Step-by-step explanation:
The student asked about the mass of water produced from the complete combustion of methane where 12 dm³ of oxygen was used. This question pertains to stoichiometry, which is a concept in chemistry that involves the calculation of reactants and products in chemical reactions.
Chemical Equation and Mole Ratio
First, we need the balanced chemical equation for the combustion of methane (CH₄):
CH₄(g) + 2O₂(g) → CO₂(g) + 2H₂O(g)
From the equation, 1 mole of methane reacts with 2 moles of oxygen to produce 2 moles of water.
Finding the Mass of Water Produced
Using the molar volume of a gas at STP (22.4 dm³/mol), we can calculate the moles of oxygen used:
12 dm³ O₂ x (1 mol O₂ / 22.4 dm³) = 0.536 moles O₂
From the stoichiometry of the reaction, 2 moles of water are produced for every 1 mole of methane.
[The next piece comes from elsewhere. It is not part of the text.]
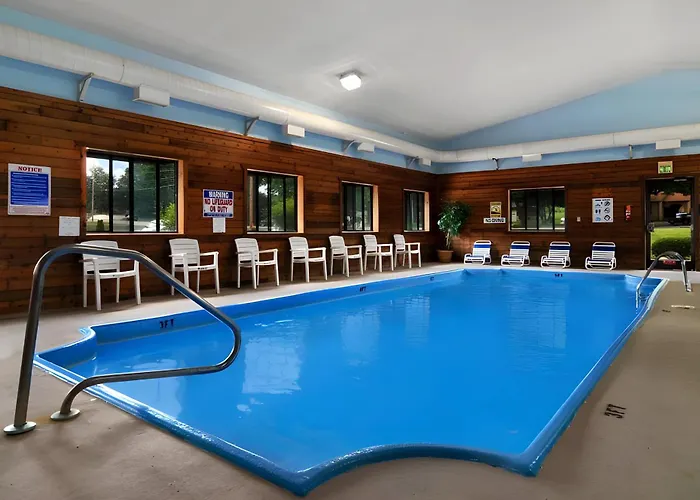 Super 8 By Wyndham Paris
Therefore, the moles of water produced are twice the moles of oxygen used:
0.536 moles O₂ x (2 moles H₂O / 2 moles O₂) = 0.536 moles H₂O
The molar mass of water is approximately 18.015 g/mol, so the mass of water produced is:
0.536 moles H₂O x 18.015 g/mol = 9.65 g
Thus, 9.65 grams of water would have been produced from the complete combustion of methane when 12 dm³ of oxygen were used.